Task requirements: Every line below needs to be transcribed without alteration, and no image may be carried over.

Material provided:

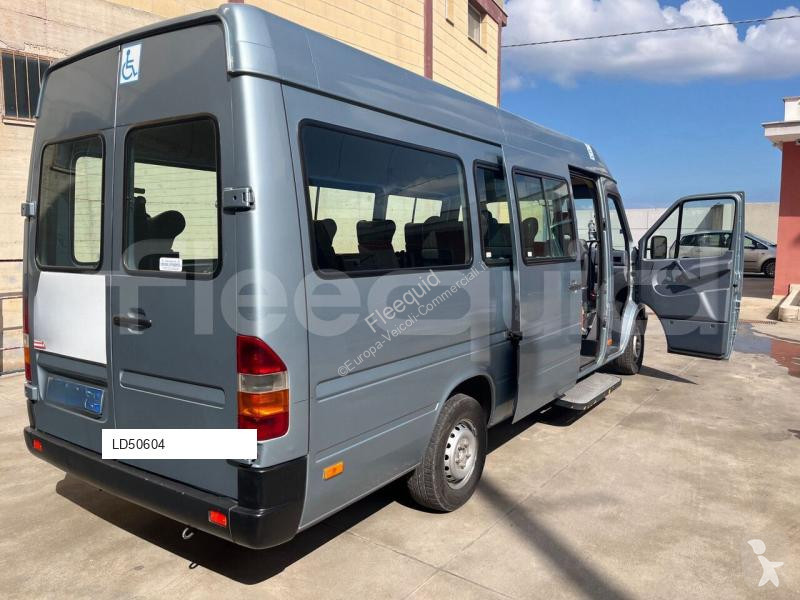 Furgoneta Mercedes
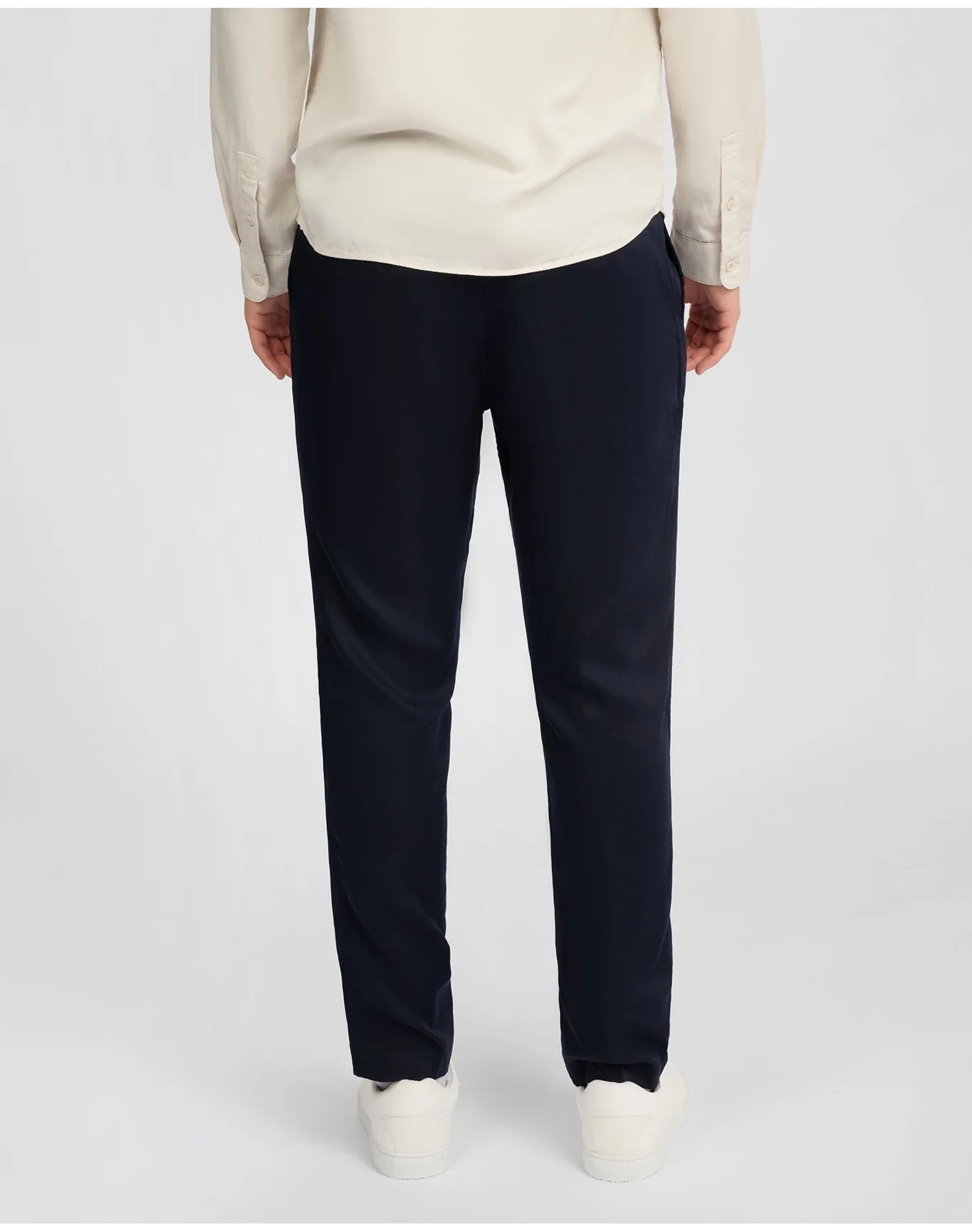 Men | Lyocell Tapered Trouser | Midnight - Image 6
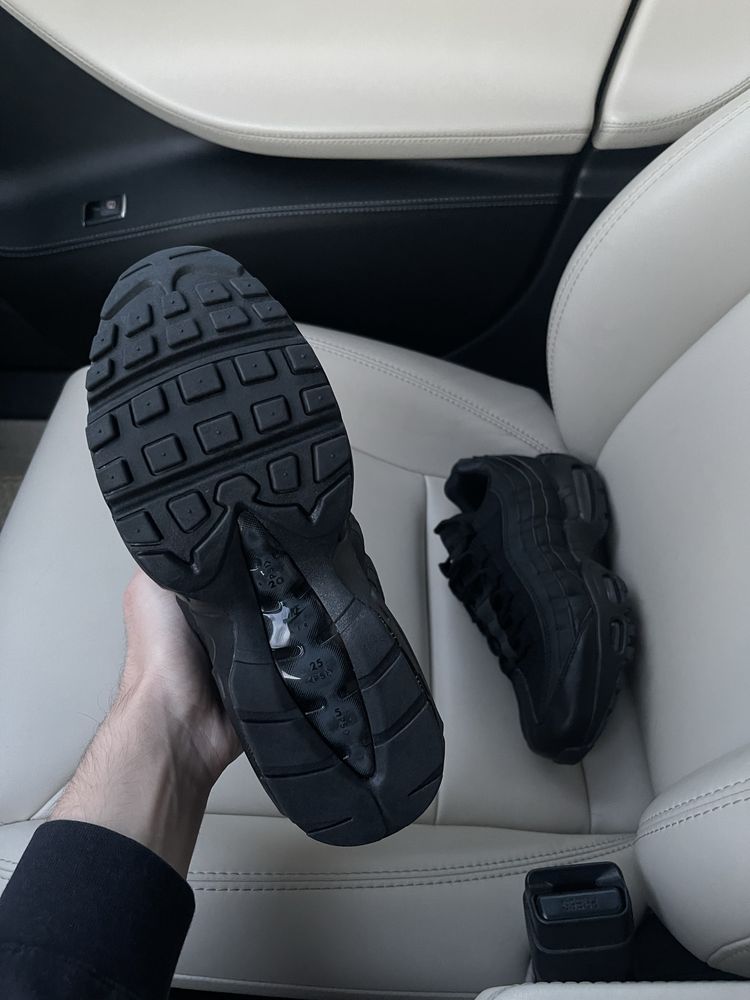 Nike Air Max 95 Black Розмір 43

Answer section:
 Furgoneta Mercedes
 Men | Lyocell Tapered Trouser | Midnight - Image 6
 Nike Air Max 95 Black Розмір 43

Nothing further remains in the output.